La Ciclovia Adriatica ricalca gli antichi itinerari della via dell’Ambra, che dal Baltico scendeva lungo il mare Adriatico da Trieste a Santa Maria di Leuca, percorrendo sette regioni italiane (Friuli Venezia Giulia, Veneto, Emilia Romagna, Marche, Abruzzo, Molise, Puglia), lungo 1.300 km. interamente pianeggianti, tra spiagge sabbiose, lagune e falesie sul mare, in un contesto ambientale e paesaggistico dal forte impatto turistico.

È affiancata dalla ferrovia adriatica, che consente una perfetta integrazione intermodale bici-treno, da diversi aeroporti e porti (tra i quali Ancona), attraversa siti Unesco di importanza mondiale (nella Marche c’è Urbino) e varie aree protette; è già in parte attrezzata, con piste ciclabili e ponti ciclopedonali realizzati e con accordi interregionali già stipulati per collegare le infrastrutture ciclabili (come per il ponte ciclopedonabile sul fiume Tronto, tra Marche e Abruzzo) e si connette a pettine con diverse ciclabili, facilitando il raccordo costa-entroterra.

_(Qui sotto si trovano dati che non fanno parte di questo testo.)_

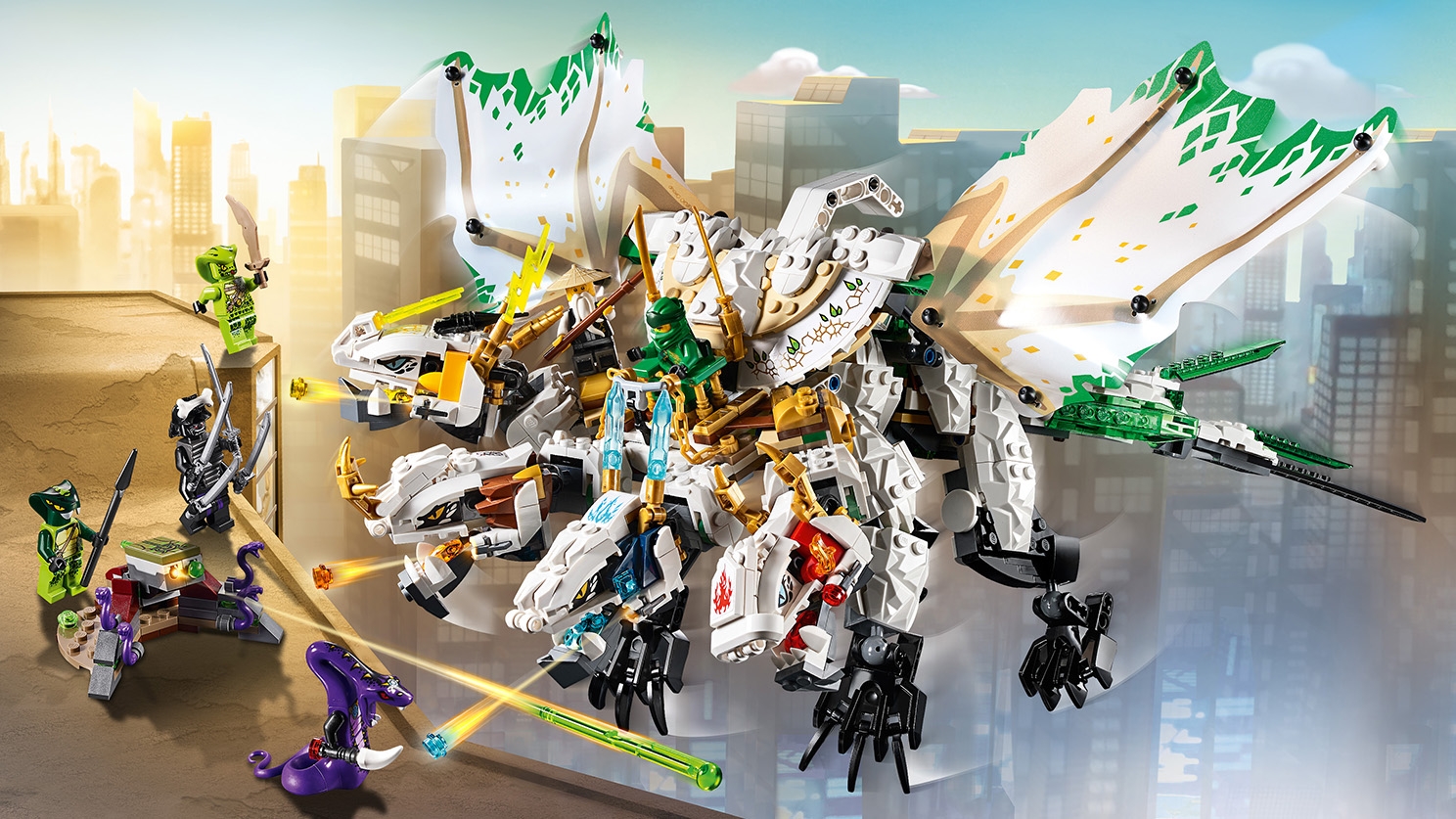 rynker Mediate ly The Ultra Dragon 70679 - LEGO® NINJAGO® Sets - LEGO.com for kids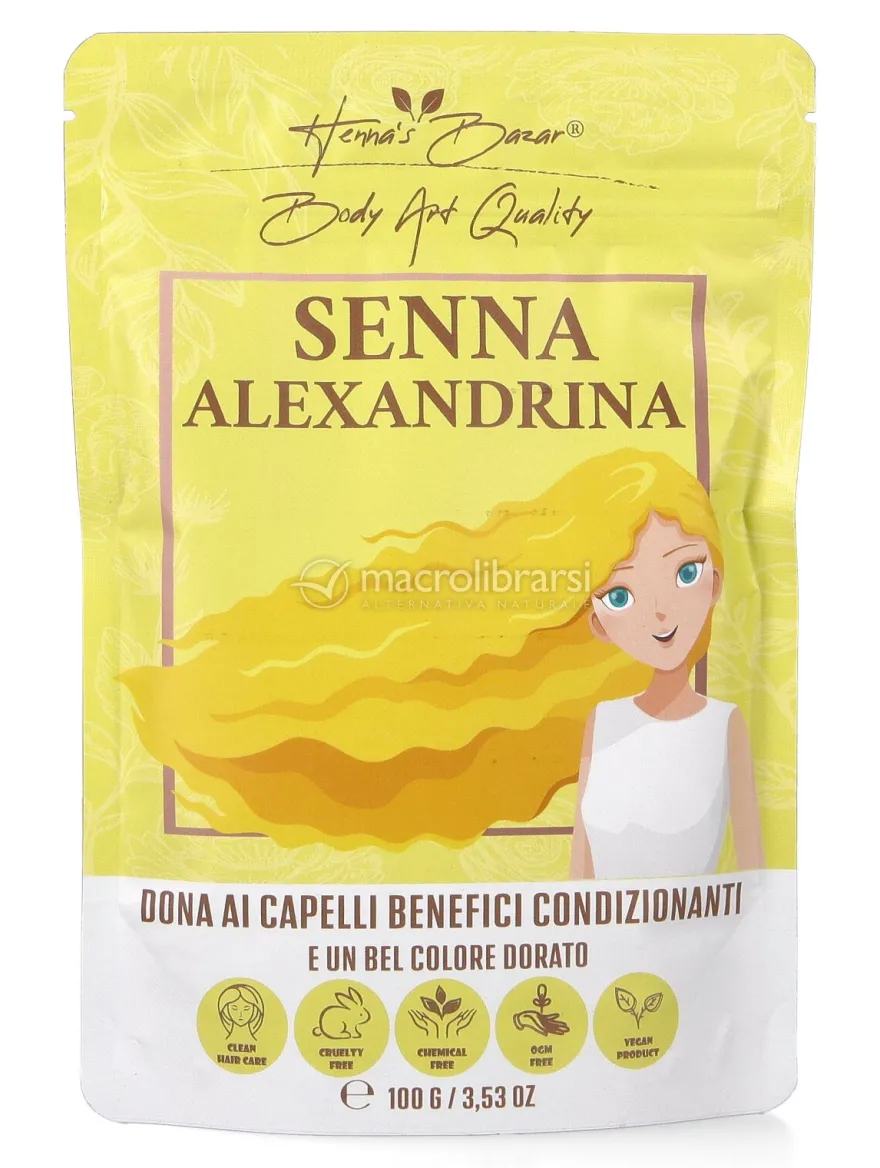 Polvere di Senna Alexandrina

In chiave di progetto nazionale è pensata con la doppia funzione di ciclovia turistica e infrastruttura per la mobilità sostenibile urbana-interurbana.

«La mobilità dolce assicura vivibilità ai territori, va vista come la soluzione ai problemi di mobilità cittadina nel nostro Paese», ha spiegato Giulietta Pagliaccio, presidente nazionale Fiab, la federazione amici della bicicletta, che ha siglato un con la Regione Marche un protocollo per la promozione della ciclovia. Mobilità quella con la bicicletta che è «una delle priorità della giunta delle Marche – come ha ribadito la vice presidente Anna Casini – perché contribuisce alla lotta all’inquinamento e a rilanciare la sostenibilità delle città», e quella Adriatica «rientra tra gli assi strategici di maggiore importanza su cui investire, recuperando anche risorse nazionali disponibili».

Secondo un recente rapporto di Legambiente, in Italia l’economia della bici vale oltre 6 miliardi all’anno, con Pesaro e Bolzano valutate come le città più «bike friendly»: quelle dove circa un abitante su tre pedala per raggiungere il luogo di lavoro o di studio e il 28% della domanda urbana di mobilità è soddisfatto dalla bici.